> _Exercise directions_
Leaving the pictures aside, transcribe only and exactly the lines from the one with "Kitchen with White" through the end of the entries, both included.

> _Brief descriptive captions_
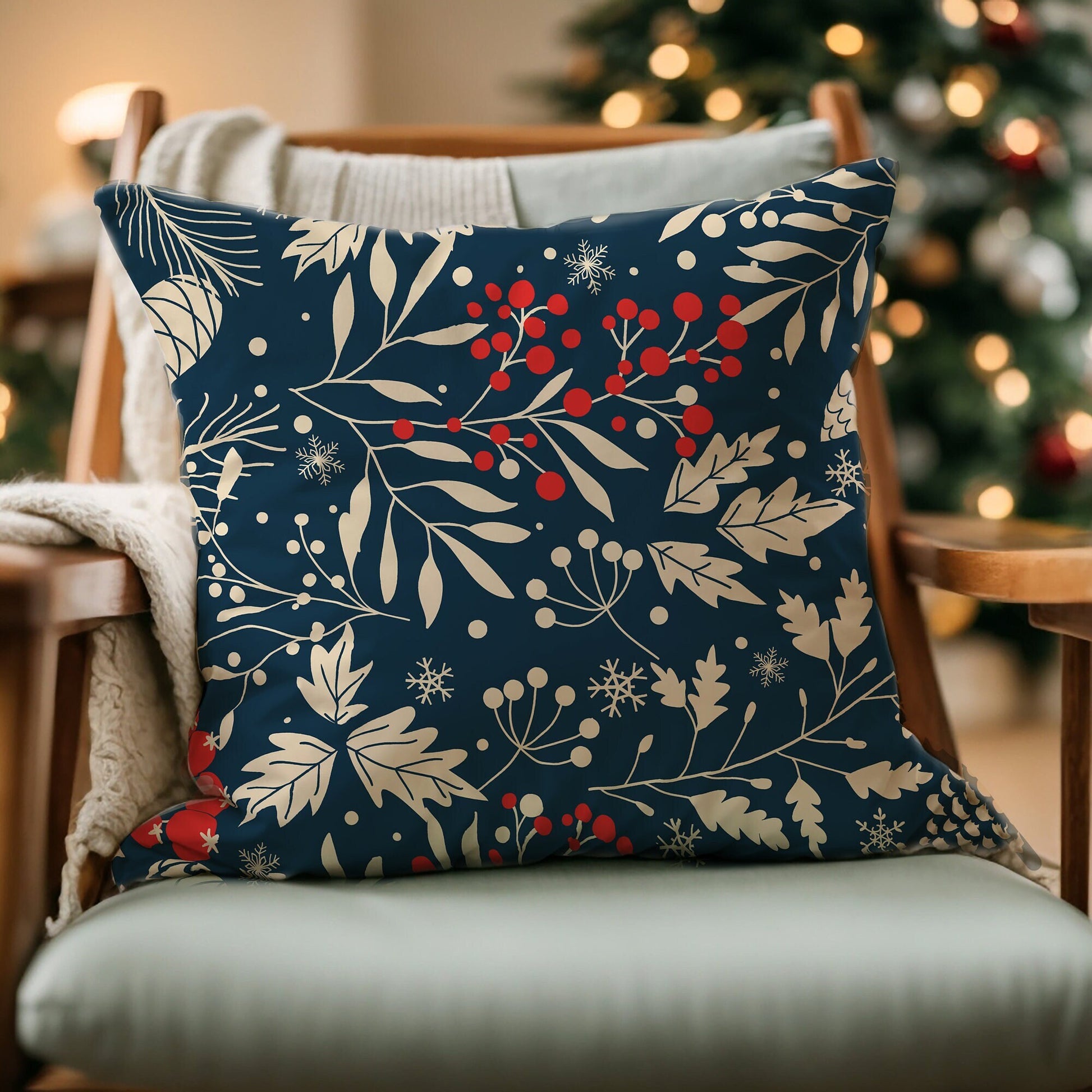 Navy winter botanical pillow with cream leaves, pinecones, snowflakes, and red berries on chair by Christmas tree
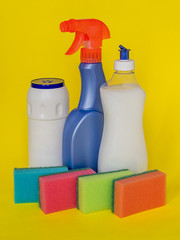 Three types of detergents for the kitchen: liquid, spray and powder and colorful foam sponge for washing dishes on a yellow background. Kitchen detergent. Household chemicals. Household chores.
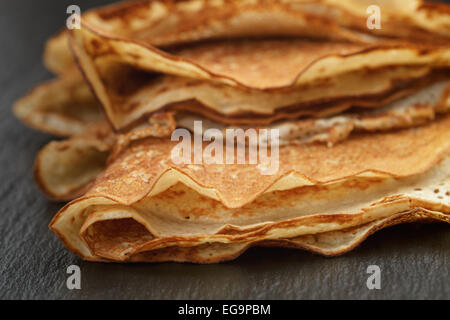 dünne Crepes oder Blinis gefaltet in Dreiecke auf Schiefer Stockfoto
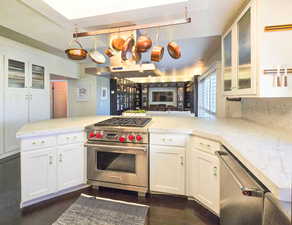 Kitchen with White cabinets and white Carrara marble counters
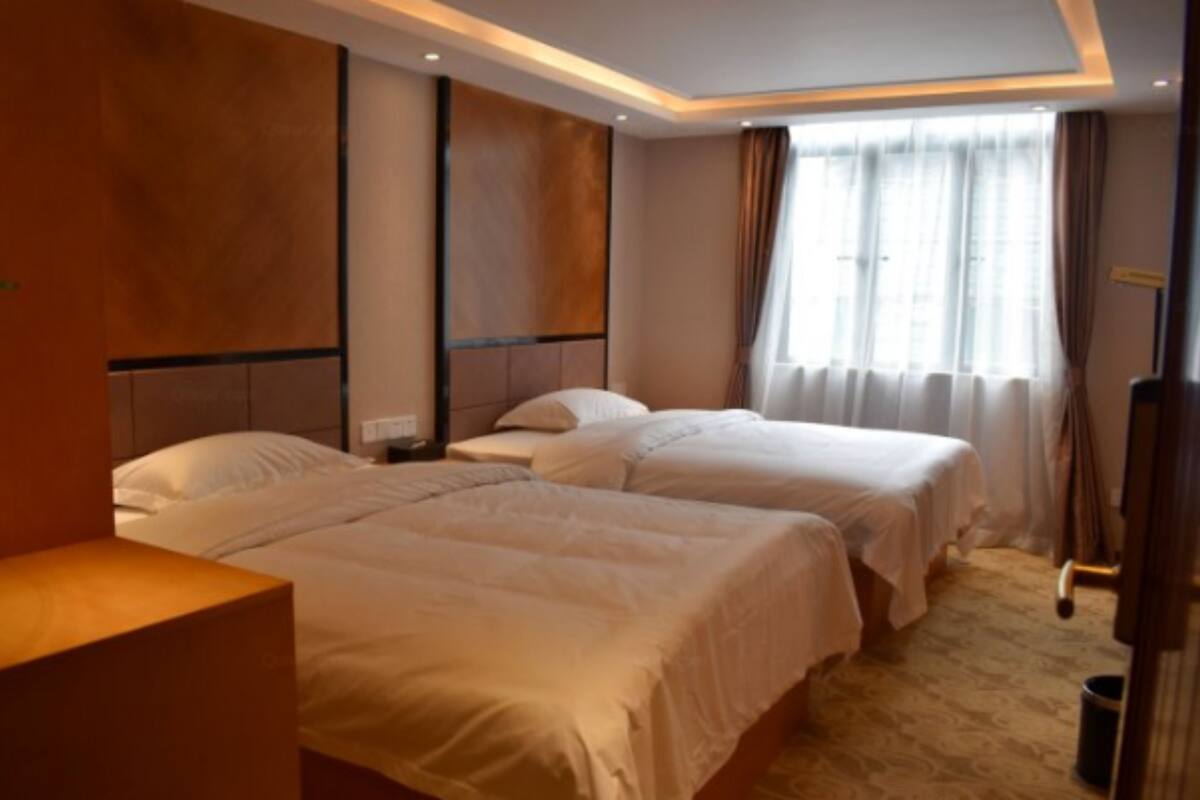 A hotel room with two beds, a desk, and a window with curtains.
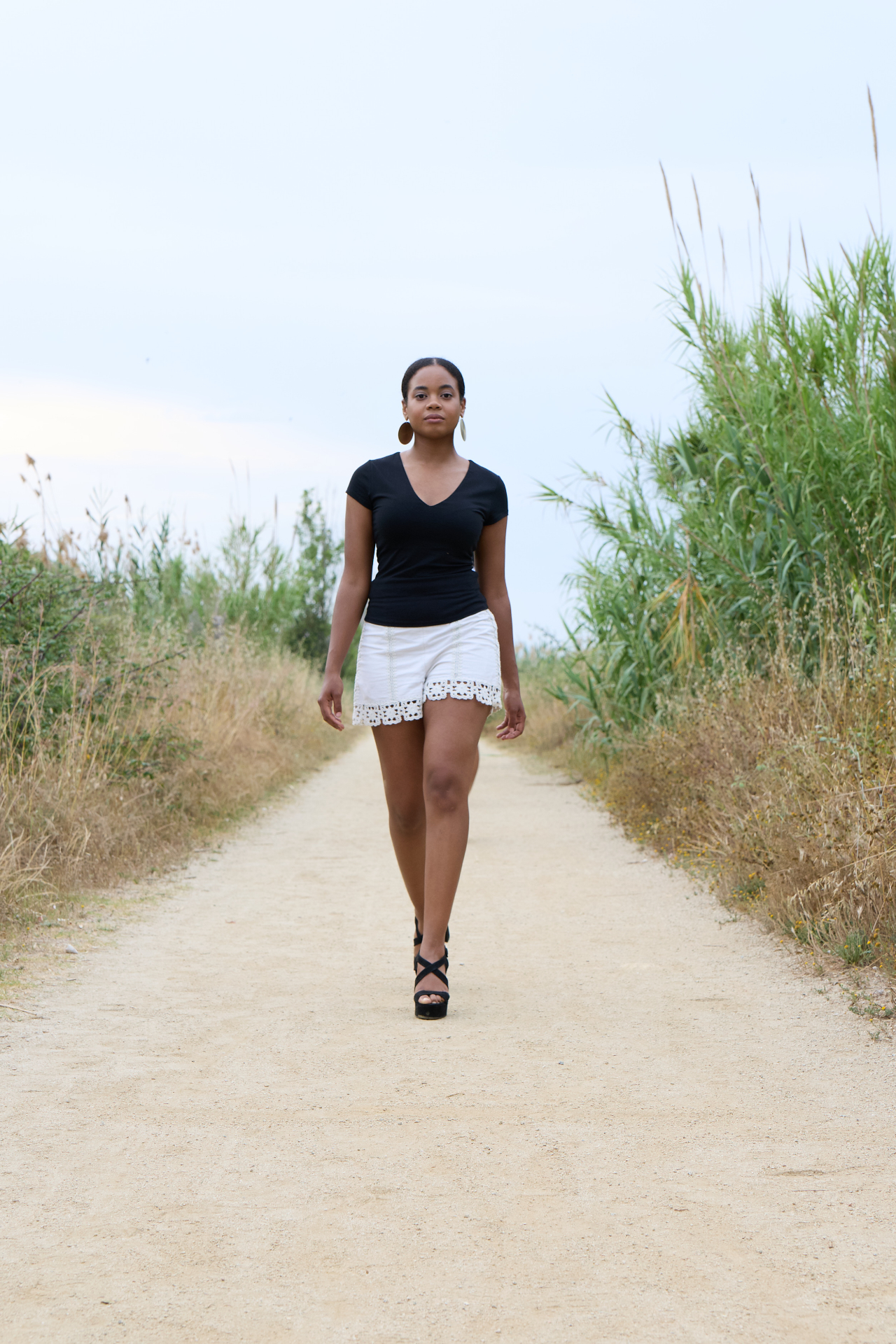 Midnight Loom Tee — front view of slim-fit black cotton with elastane t-shirt worn outdoors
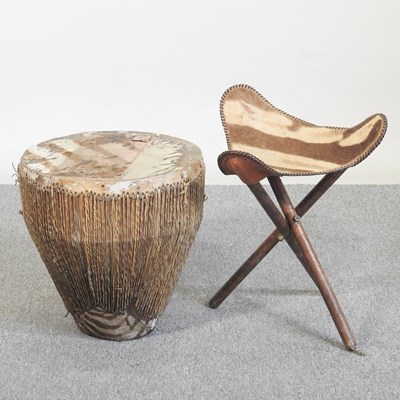 Lot 497 - An African hide drum, 38cm wide, together with...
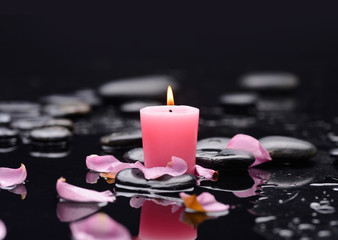 Beautiful red petals with candle and therapy stones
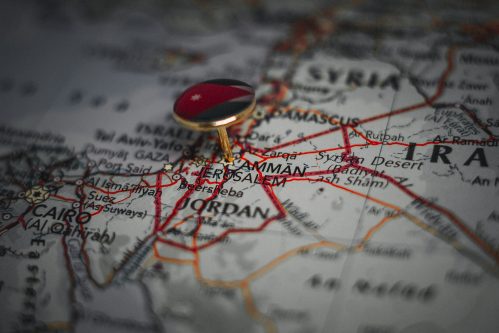 Amman pinned on a map with the flag of Jordan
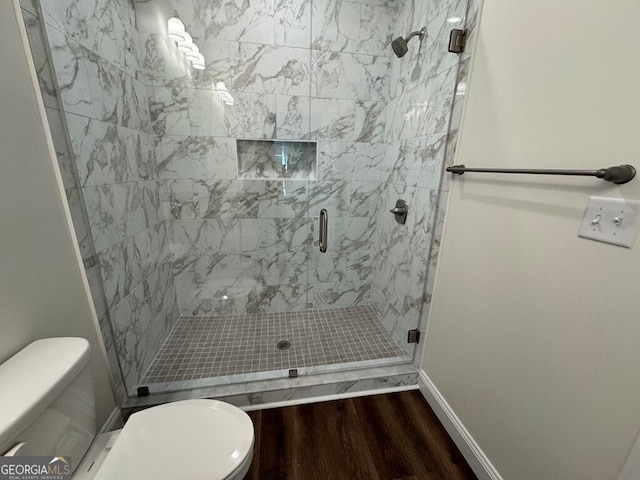 bathroom with hardwood / wood-style flooring, toilet, and a shower with shower door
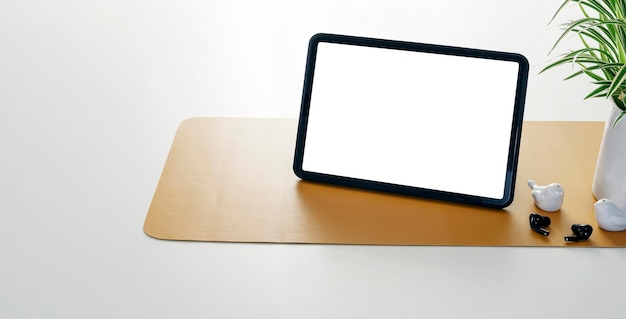 Tablette numérique à écran blanc vierge et gadget sur tableau blanc avec espace de copie.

> _Response to the task_
 Kitchen with White cabinets and white Carrara marble counters
 A hotel room with two beds, a desk, and a window with curtains.
 Midnight Loom Tee — front view of slim-fit black cotton with elastane t-shirt worn outdoors
 Lot 497 - An African hide drum, 38cm wide, together with...
 Beautiful red petals with candle and therapy stones
 Amman pinned on a map with the flag of Jordan
 bathroom with hardwood / wood-style flooring, toilet, and a shower with shower door
 Tablette numérique à écran blanc vierge et gadget sur tableau blanc avec espace de copie.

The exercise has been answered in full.